• TASK OBJECTIVE: Below is a listing with pictures. Repeat exactly the lines starting at the one holding "8 otaqlı həyət" and going on through the one holding "毛剑卿深夜发文说自己离婚，网友质疑是因为踢不上球没钱，你怎么看？", and leave every picture out.

• MATERIAL SUPPLIED:
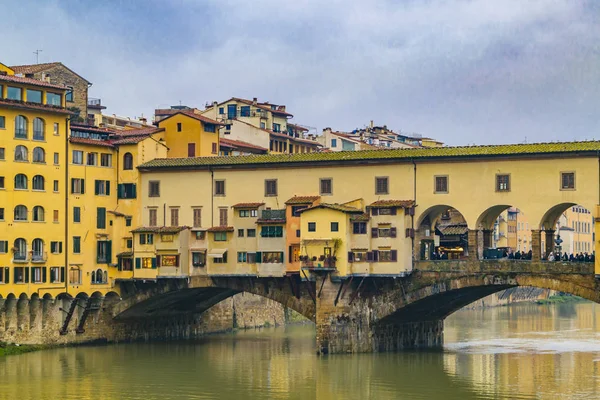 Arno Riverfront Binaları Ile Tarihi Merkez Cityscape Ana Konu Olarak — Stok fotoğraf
...
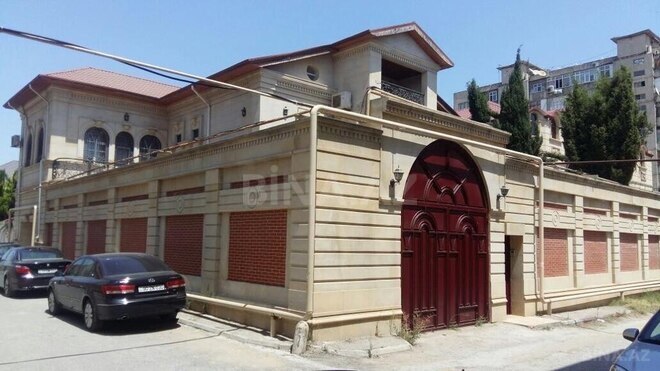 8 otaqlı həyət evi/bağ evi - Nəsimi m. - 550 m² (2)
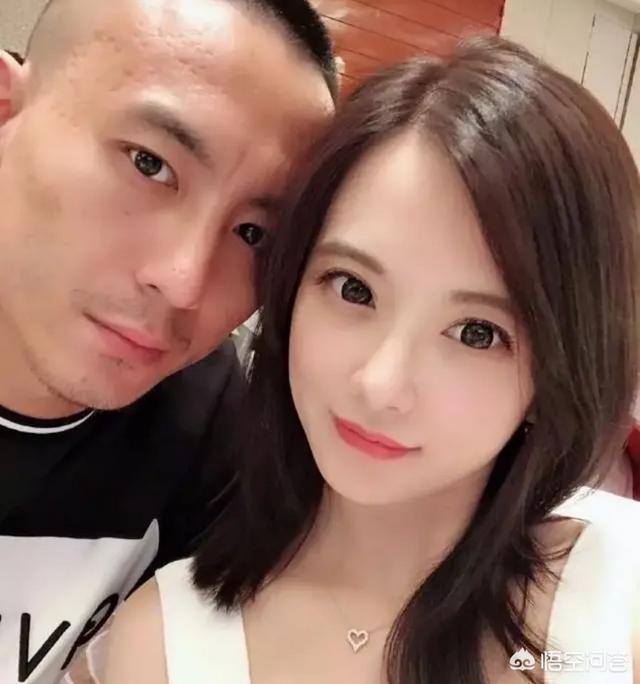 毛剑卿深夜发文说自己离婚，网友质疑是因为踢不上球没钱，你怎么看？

• OUTPUT:
 8 otaqlı həyət evi/bağ evi - Nəsimi m. - 550 m² (2)
 毛剑卿深夜发文说自己离婚，网友质疑是因为踢不上球没钱，你怎么看？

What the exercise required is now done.